Там была ситуация, когда мы подожгли парадную, какие-то коробки. Мне было меньше пяти лет. Тогда первый раз пришла милиция, участковый. И я испугался, заплакал. Интересно, откуда маленький ребенок мог узнать, что милицию надо бояться? Этому должен был кто-то научить.
О школе сложно говорить, школу было видно из окна. Наверное, в первый класс отводили. Вряд ли я отличался самостоятельностью. Но никто особенно не опекал. Когда надо было, уходил, уезжал, находил способы обмануть, когда мне надо было где-то остаться, когда старше был. Но не помню, чтобы в 10 лет я самостоятельно отправился в путешествие. Нет таких историй, чтобы я один уехал в другой город или что-то еще.
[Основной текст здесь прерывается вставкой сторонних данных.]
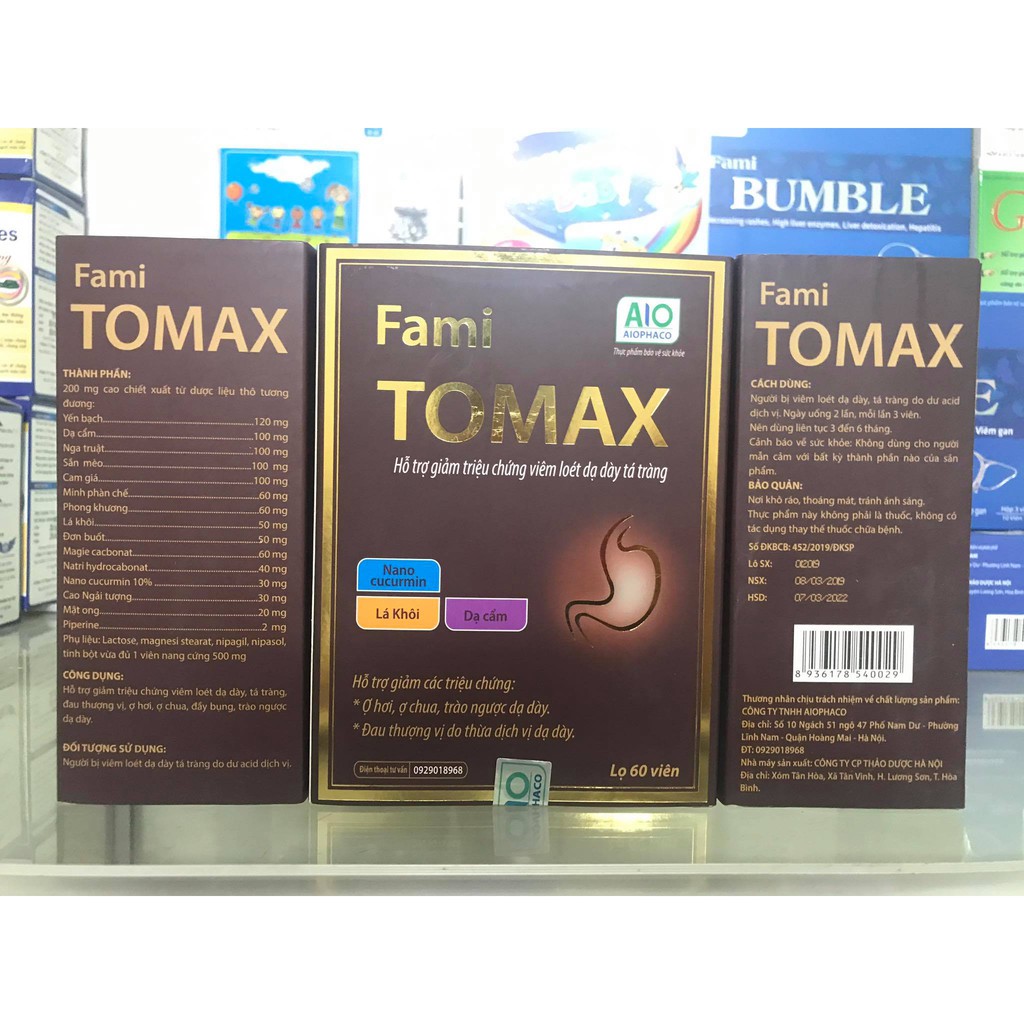 Viên uống GOLDWINGS FamiTomax hỗ trợ điều trị viêm loét dạ dày tá tràng trào ngược acid dịch vị dạ dày hộp 60 viên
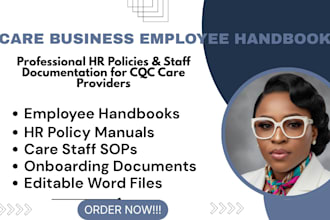create employee handbook, HR policies and policy manual for care businesses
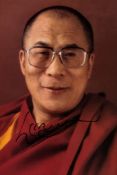 DALAI LAMA - A 15 x 10.5cm, colour, head and shoulders photograph of His... A 15 x 10.5cm, colour,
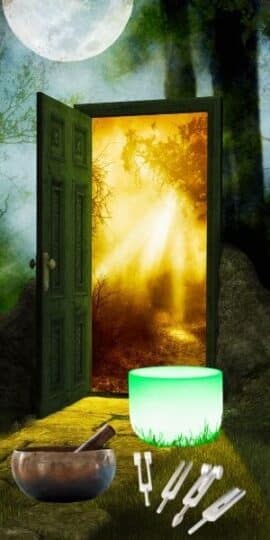 magical door image representing subconciuos mind with singng bowls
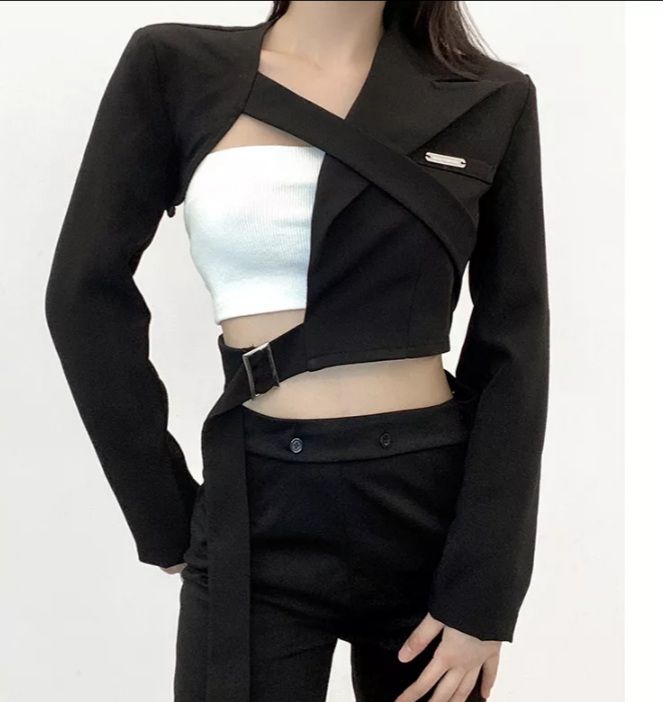 blazer crop wanita Harajuku keren/blazer crop wanita korean style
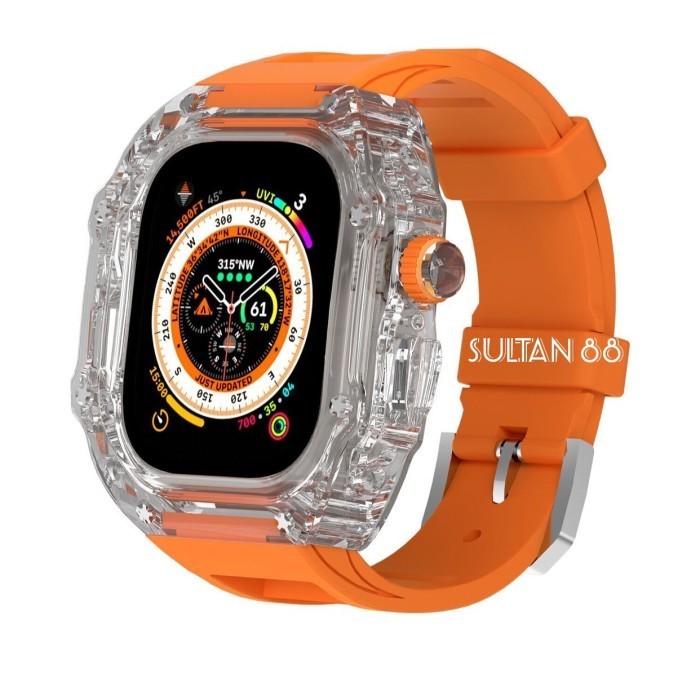 [TERMURAH] Strap case apple watch ultra RM transparant ice tali jam iwatch 49mm - SUNSET ORANGE, Siz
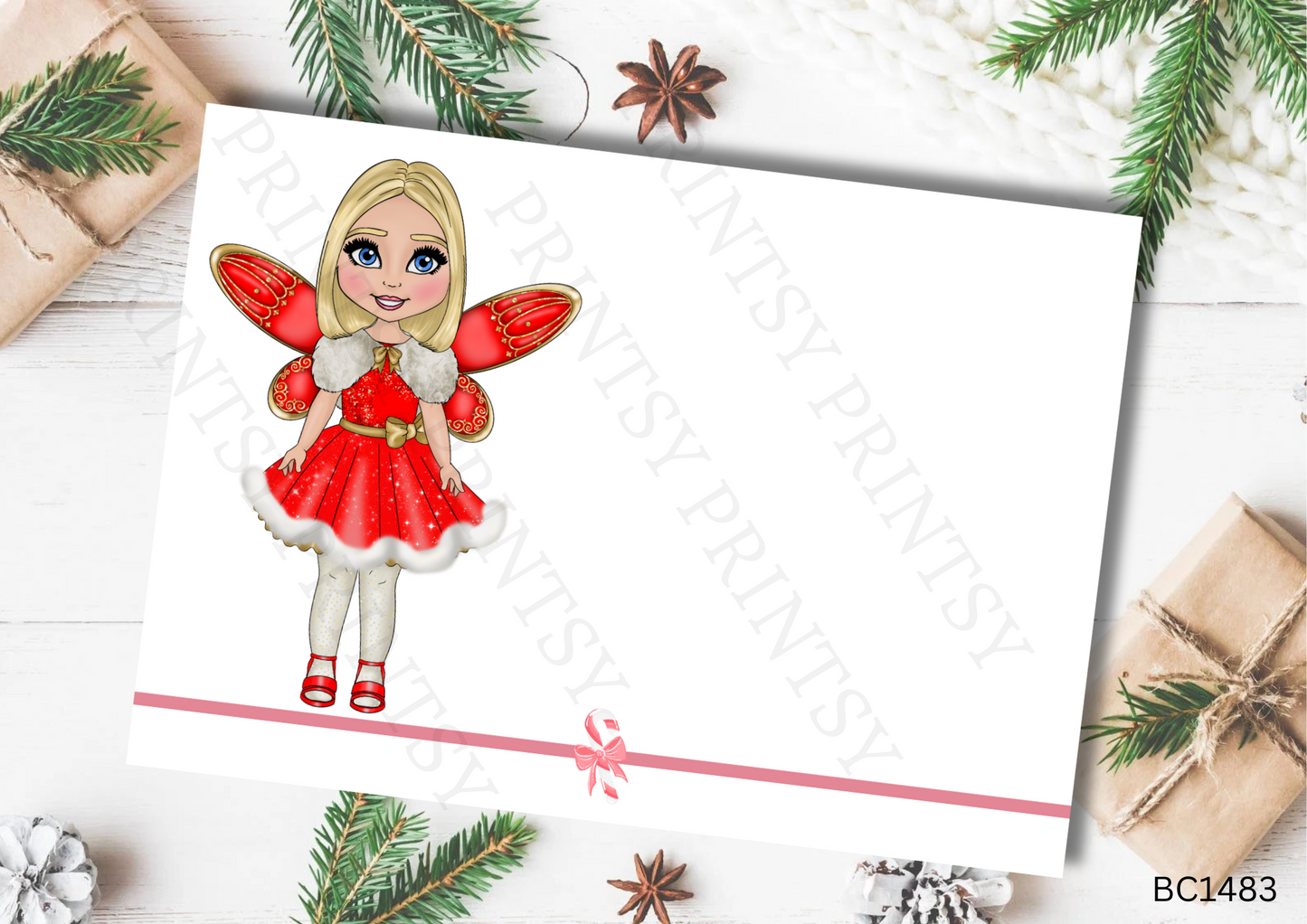 Christmas Fairy Bow Card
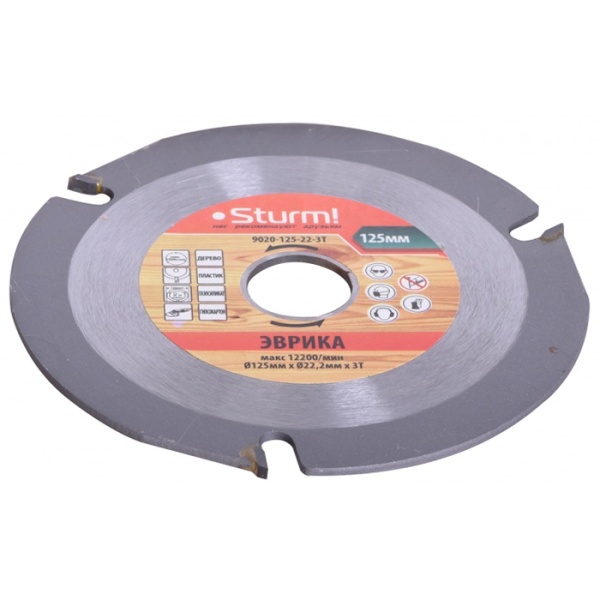 Диск пильный STURM 9020-125-22-3T ЭВРИКА, 9020-125-22-3T Диск пильный STURM 9020-125-22-3T ЭВРИКА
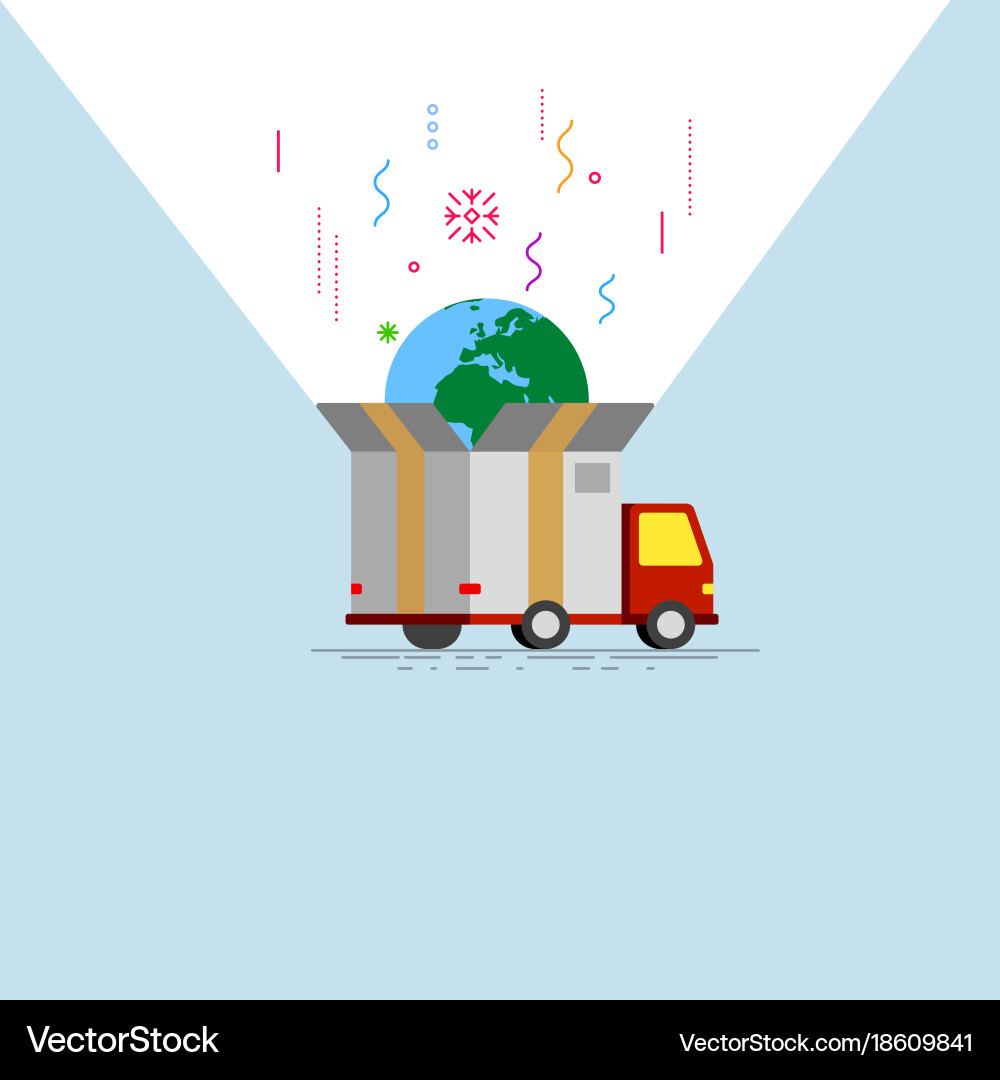 Abstract delivery truck with open box container Vector Image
— Просто я все думаю, что на каком-либо уровне должен существовать момент, где ты просто оторвался от родителей. Я все думаю, что он должен существовать, и ищу его.
— Почему должен оторваться? Я у них учился.
— Когда умирает отец, когда складывается его линия жизни в определенную картину, тебе все-таки 20 лет, ты уже слишком большой, ты уже оторвался к тому моменту. Выбор, мне кажется, человек делает раньше, и подростковом возрасте, что-то такое в нем происходит, что навсегда определяет.